Sono invece ammissibili, sotto il profilo della legittimazione e dell’interesse all’impugnazione, gli ultimi motivi di ricorso perché afferenti direttamente ad aspetti contenutistici del piano potenzialmente incidenti sugli interessi di cui l’ente ricorrente è soggetto esponenziale.

Detti motivi sono però infondati e vanno rigettati.

L’Ente ricorrente lamenta in primo luogo che la Regione abbia omesso di riconoscere in alcuni piani provinciali le adiacenze stradali come zone da includere nella percentuale del territorio da destinare a protezione della fauna selvatica..

Osserva in proposito il Collegio che la valutazione amministrativa, per la quale è stato escluso che nelle aree adiacenti alle vie di comunicazione sussistano rilevanti esigenze di tutela faunistica, costituisce giudizio tecnico discrezionale immune da vizi di manifesta illogicità o irrazionalità, in quanto evidentemente fondato sull’assunto per cui difficilmente in dette zone la fauna possa trovare le condizioni ambientali idonee per la sosta e la riproduzione.
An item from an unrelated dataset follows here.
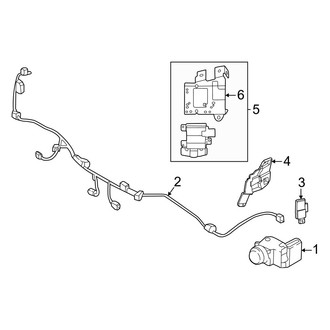 Hyundai OE - Rear Bumper - Electrical Components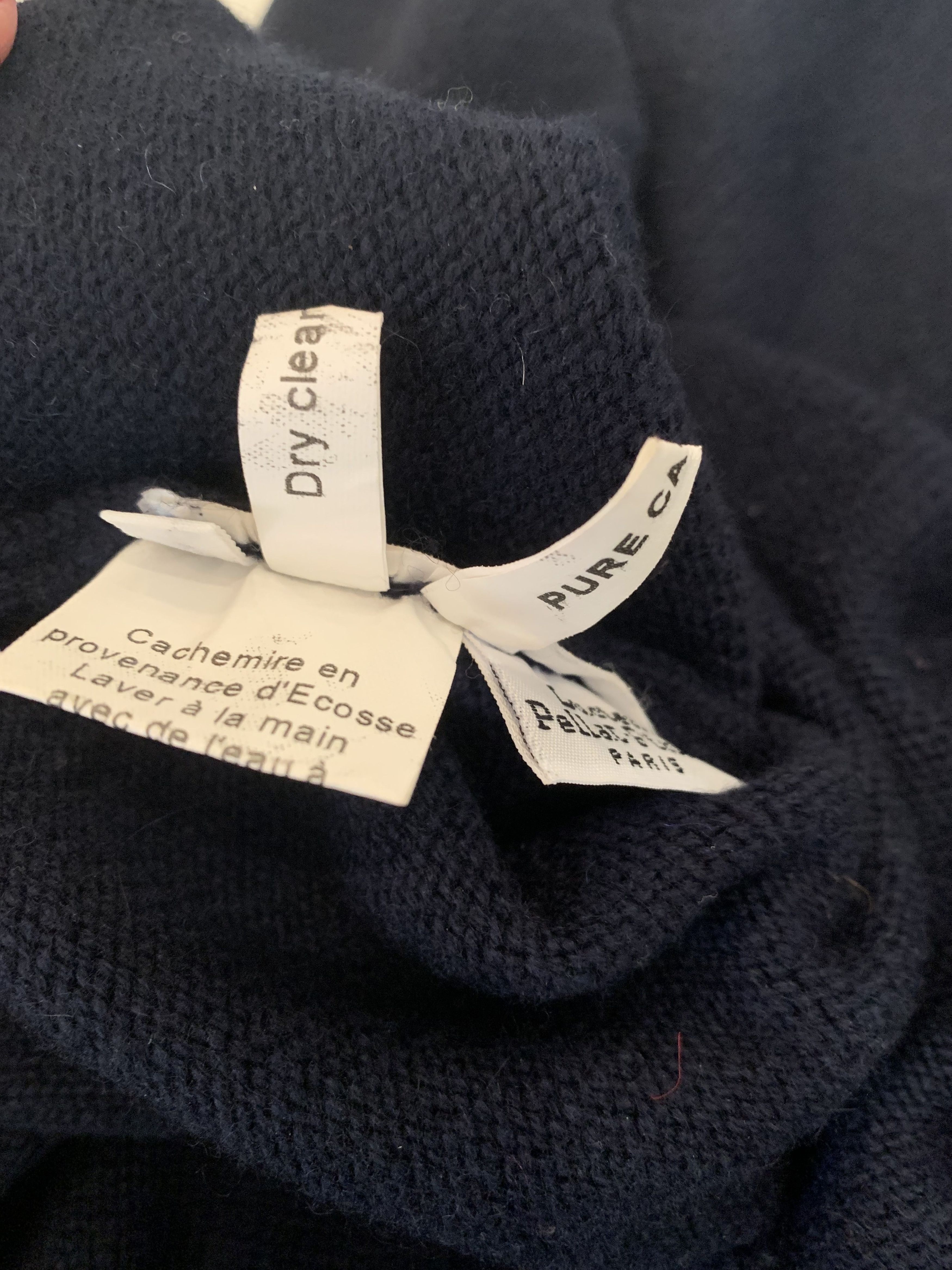 Lucien Pellat-Finet Cashmere Matching Sweater & Scarf Size US S / EU 44-46 / 1 - 11 Thumbnail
L'art.10 della L. 157/92 prevede che con lo strumento dei piani faunistico venatori l'intero territorio agro - silvo - pastorale sia soggetto a pianificazione finalizzata al conseguimento della densità ottimale e dalla sua conservazione mediante la riqualificazione delle risorse ambientali e la regolamentazione del rilievo venatorio.
Tutto ciò sta a significare con evidente chiarezza che lo strumento del piano faunistico venatorio non può riguardare tutto il territorio amministrato dall'ente chiamato a formare il piano: a prescindere dalla dizione normativa "l'intero territorio agro - silvo - pastorale" già di per sé sufficiente per comprendere l'intenzione del legislatore,
non si capisce per quale ragione il piano debba governare anche altre zone, come ad esempio i centri urbani o le aree industriali.
Perciò la corretta interpretazione del co.3 dell'art.10 L.
157/92 è quella per cui nelle percentuali di territorio da destinare a protezione della fauna selvatica vanno computate quelle aree in cui la caccia è vietata per ragioni prettamente ambientali e non perché meramente inidonee, come appunto le fasce di rispetto stradali o ferroviarie.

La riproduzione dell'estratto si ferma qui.